Amitava Kumar, Associate Professor, English, Penn. State University, USA Professor Kumar received his Ph.D. in Cultural Studies and Comparative Literature from the University of Minnesota in 1993. Currently, he teaches in the English department at Pennsylvania State University. In addition, he is the editor of Class Issues (New York University Press, 1997), Poetics/Politics (St Martin’s Press, 1999), and World Bank Literature (forthcoming from the University of Minnesota Press). He serves on the editorial board of Rethinking Marxism, Minnesota Review, and Cultural Logic; he also co-edits the online journal, Politics and Culture. Kumar’s writings have appeared in several anthologies and the following journals: Critical Inquiry, Cultural Studies, Critical Quarterly, College Literature, Race and Class, American Quarterly, Rethinking Marxism, Minnesota Review, Journal of Advanced


 

Composition, Amerasia Journal, and Modern Fiction Studies. He has been awarded fellowships from the NEH, Yale University, SUNY-Stony Brook, and Dartmouth College.
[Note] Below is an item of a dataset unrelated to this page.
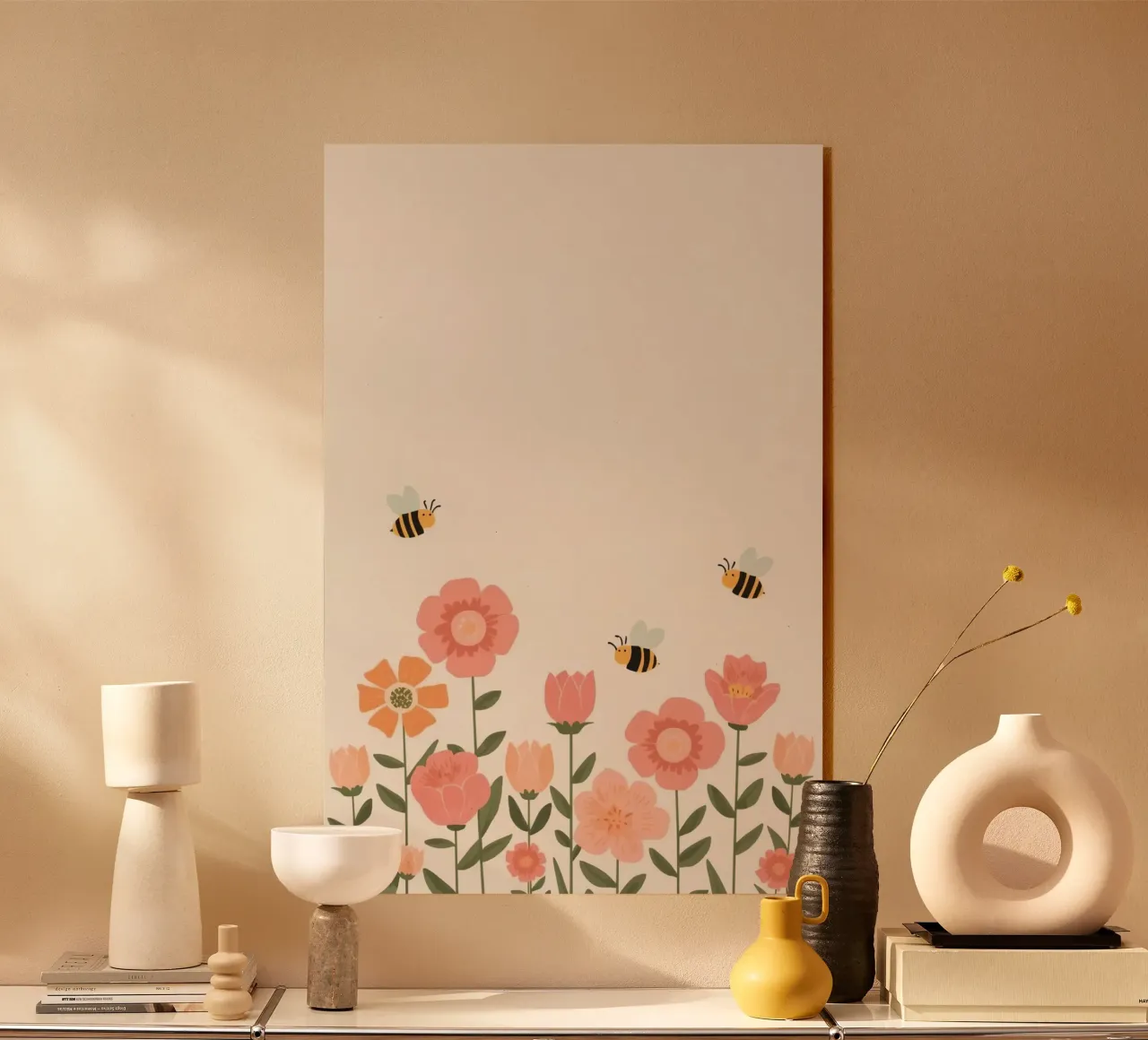 Fiori stilizzati e api carine plexiglass da DesignDoodle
Kumar’s non-fiction and poetry have recently appeared in The Nation, Harper’s, The New Statesman, Transition, Toronto Review, Civil Lines, Biblio, Outlook, Frontline, India Today, The Hindu, Himal, Herald, The Friday Times, The Times of India, and other publications. He is the author of a book of poems No Tears for the NRI (Writers Workshop, Calcutta, 1996). In addition to being a literary columnist for Tehelka.com, Kumar is also the script-writer and narrator of the prize-winning documentary, Pure Chutney (1997). He has been awarded a Barach Fellowship at the Wesleyan Writers Festival, and an award from the South Asian Journalists Association. His short-story “The Monkey’s Suicide” was chosen by Khushwant Singh as the best short-story of the year for the Asian Age Award. His new short-story “Indian Restaurant” has been published recently in Civil Lines 5. Kumar is also the editor of a volume of writing by Indian expatriate writers, Away (forthcoming from Penguin-India). He is the author, most recently, of Passport Photos (University of California Press, 2000) and is currently working on a book project entitled Bombay-London-New York.
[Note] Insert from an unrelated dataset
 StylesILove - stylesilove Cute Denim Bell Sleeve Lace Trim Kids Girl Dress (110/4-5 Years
While in residence at the Center, Professor Kumar will focus on a project that he has been developing. India and Pakistan fought their last war around the Himalayan region of Kargil. But this war was only a return to an earlier conflict. The partition of British India in 1947 – leading to the creation of independent India and Pakistan that had led to the largest migration in human history. The exodus went on for months, even years, across the hastily drawn borders. At least a million died in riots. In his proposed book-project, “Husband of a Fanatic,” the exodus of 1947 serves as the point of departure for a journey into the written literature as well as the psychology of relations between the two warring neighbors.